▶ **Prompt**: Restate word for word the lines below that run from the one holding "Baby wearing a" through the one holding "Colourful alebrije jaguar", inclusive. Pictures don't belong in the copy.
====== Data listing ======
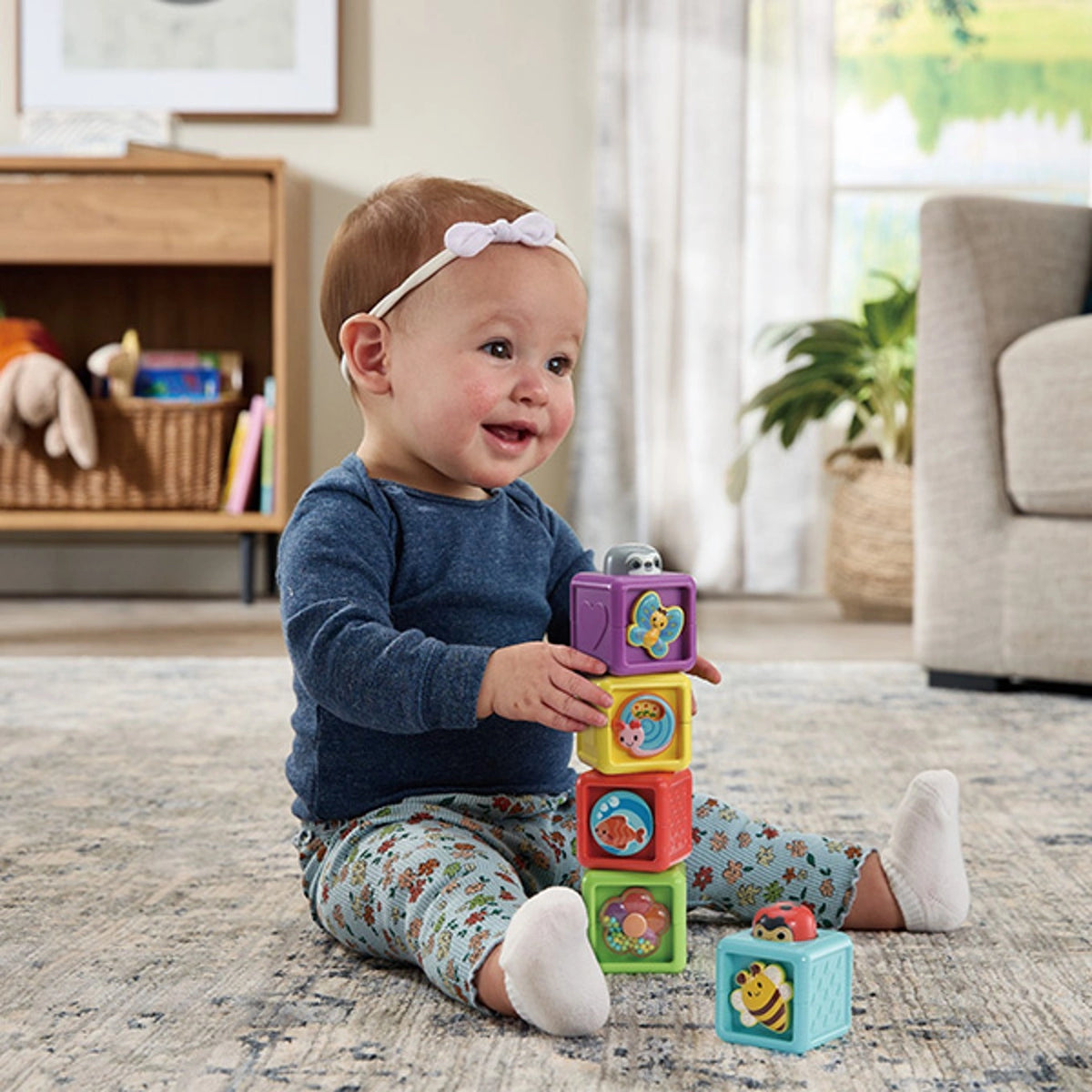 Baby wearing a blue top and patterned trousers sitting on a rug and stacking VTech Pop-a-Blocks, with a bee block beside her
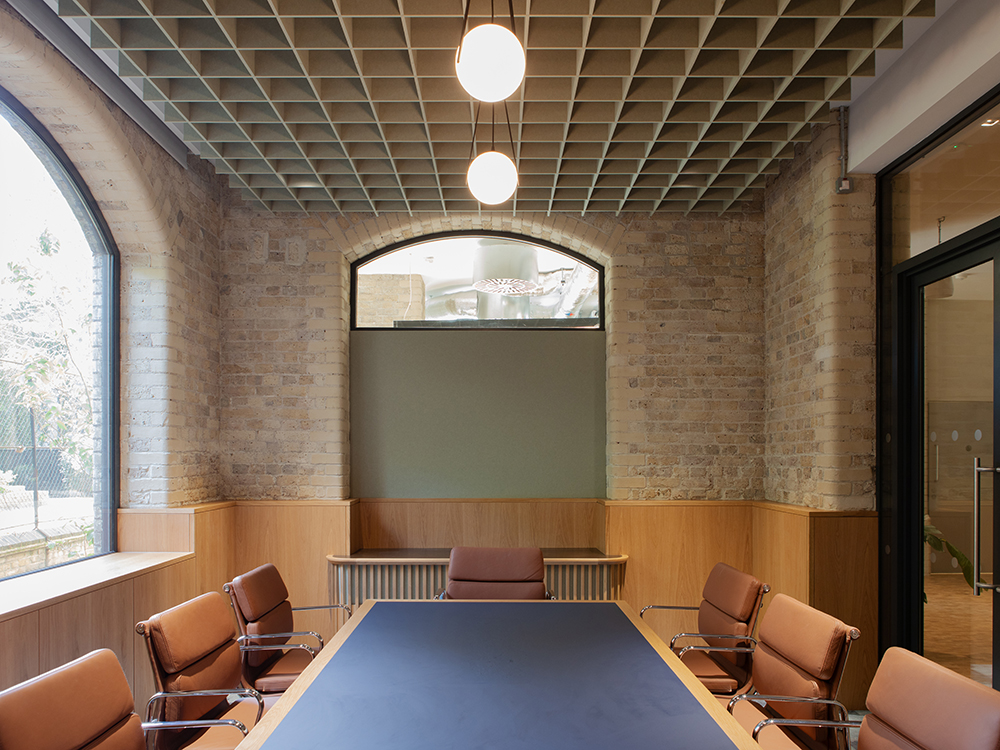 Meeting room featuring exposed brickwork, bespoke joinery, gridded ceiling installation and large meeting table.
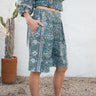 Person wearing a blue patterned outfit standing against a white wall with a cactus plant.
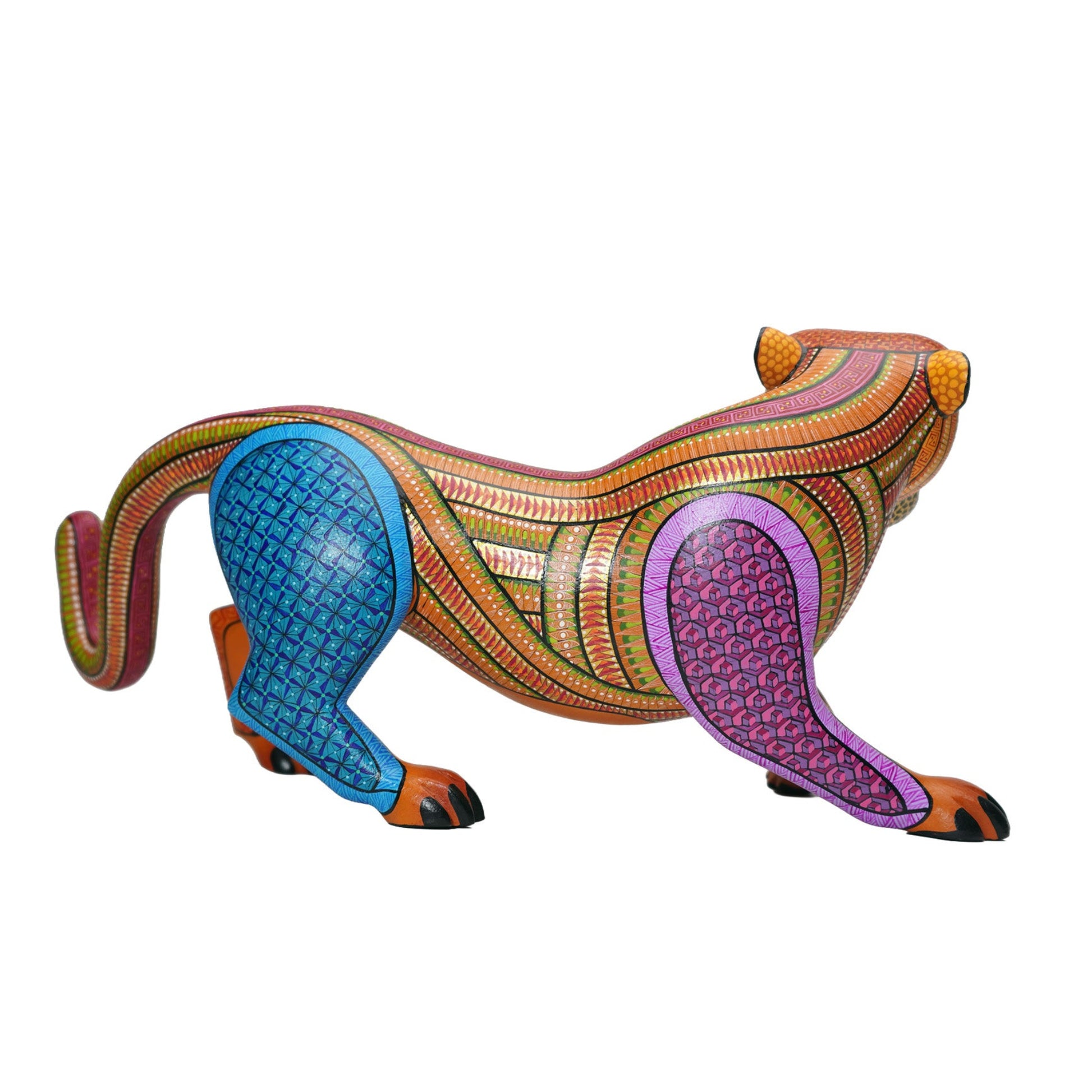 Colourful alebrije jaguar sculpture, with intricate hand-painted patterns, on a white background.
======
====== Data listing ======
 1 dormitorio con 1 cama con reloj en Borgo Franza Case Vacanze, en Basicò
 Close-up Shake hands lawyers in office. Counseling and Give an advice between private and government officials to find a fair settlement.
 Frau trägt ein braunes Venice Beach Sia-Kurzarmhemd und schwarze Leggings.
======
====== Data listing ======
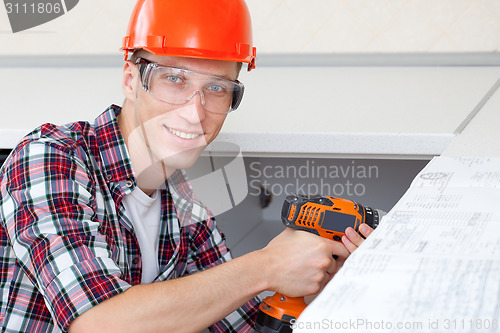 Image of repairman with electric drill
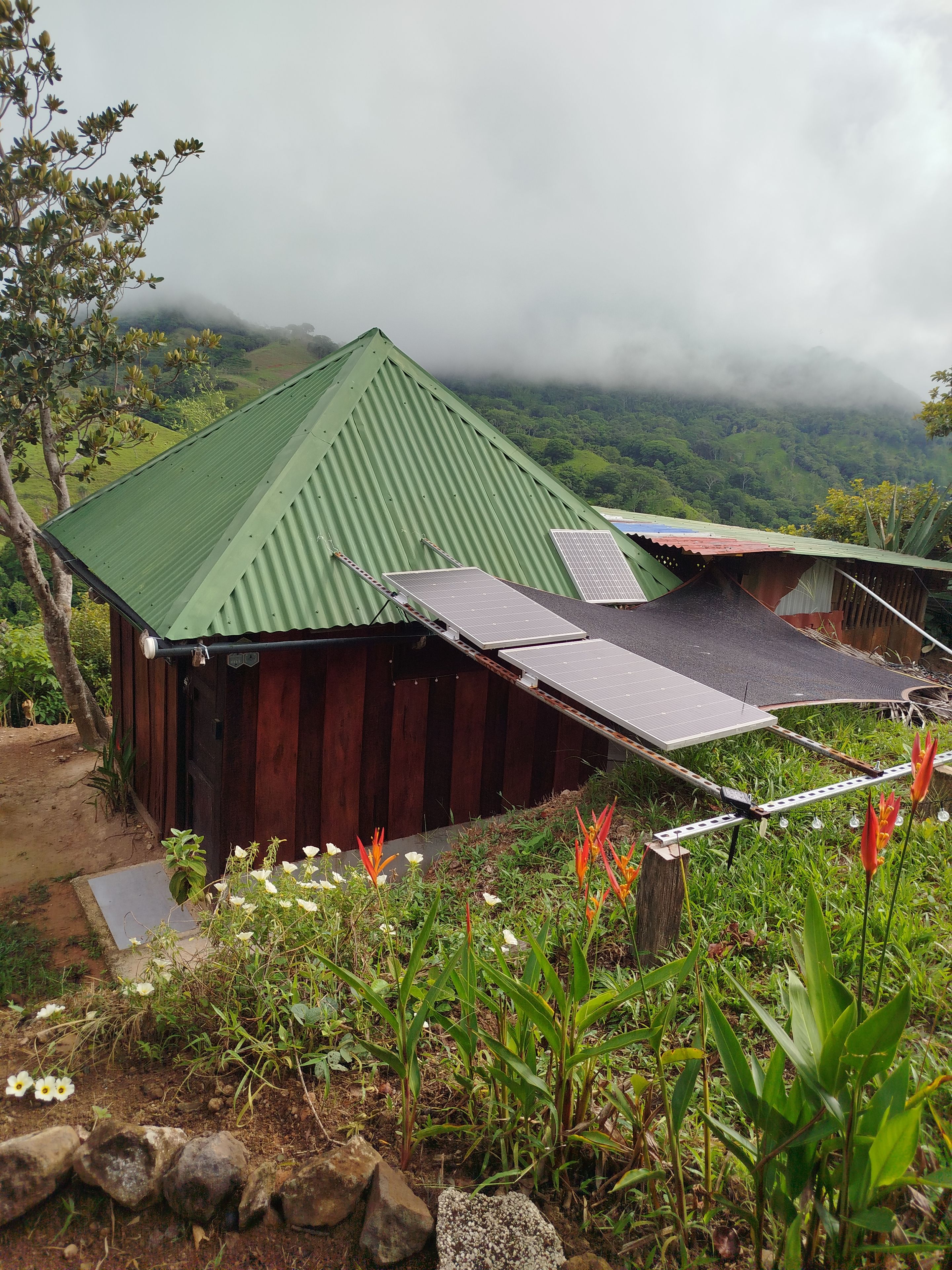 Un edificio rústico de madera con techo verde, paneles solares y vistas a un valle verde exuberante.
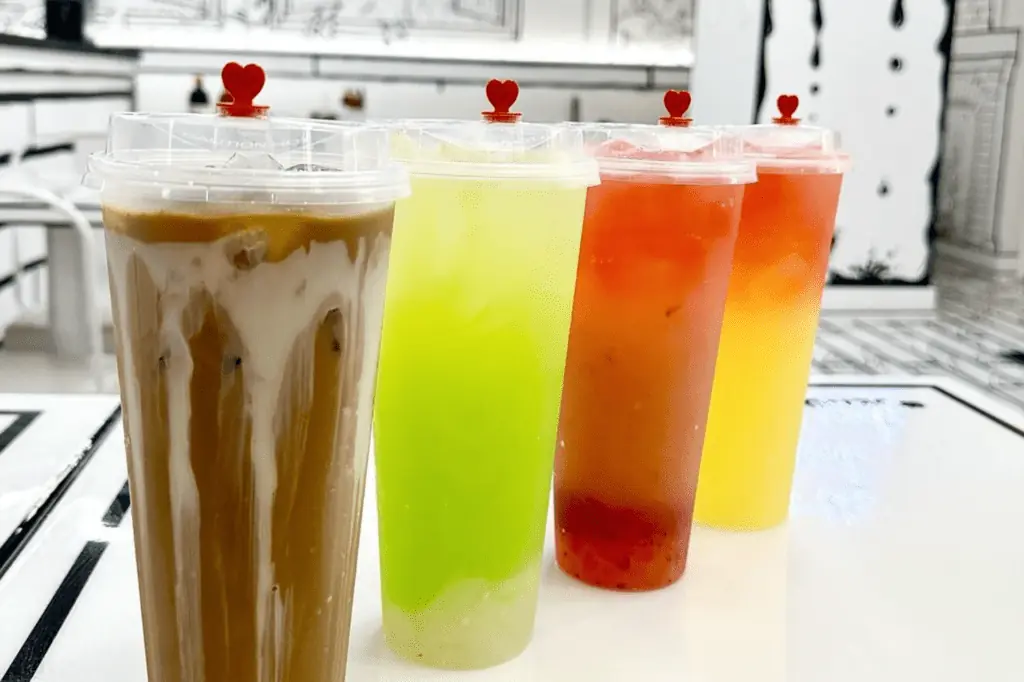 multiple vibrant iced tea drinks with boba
======
▶ **Response**:
 Baby wearing a blue top and patterned trousers sitting on a rug and stacking VTech Pop-a-Blocks, with a bee block beside her
 Meeting room featuring exposed brickwork, bespoke joinery, gridded ceiling installation and large meeting table.
 Person wearing a blue patterned outfit standing against a white wall with a cactus plant.
 Colourful alebrije jaguar sculpture, with intricate hand-painted patterns, on a white background.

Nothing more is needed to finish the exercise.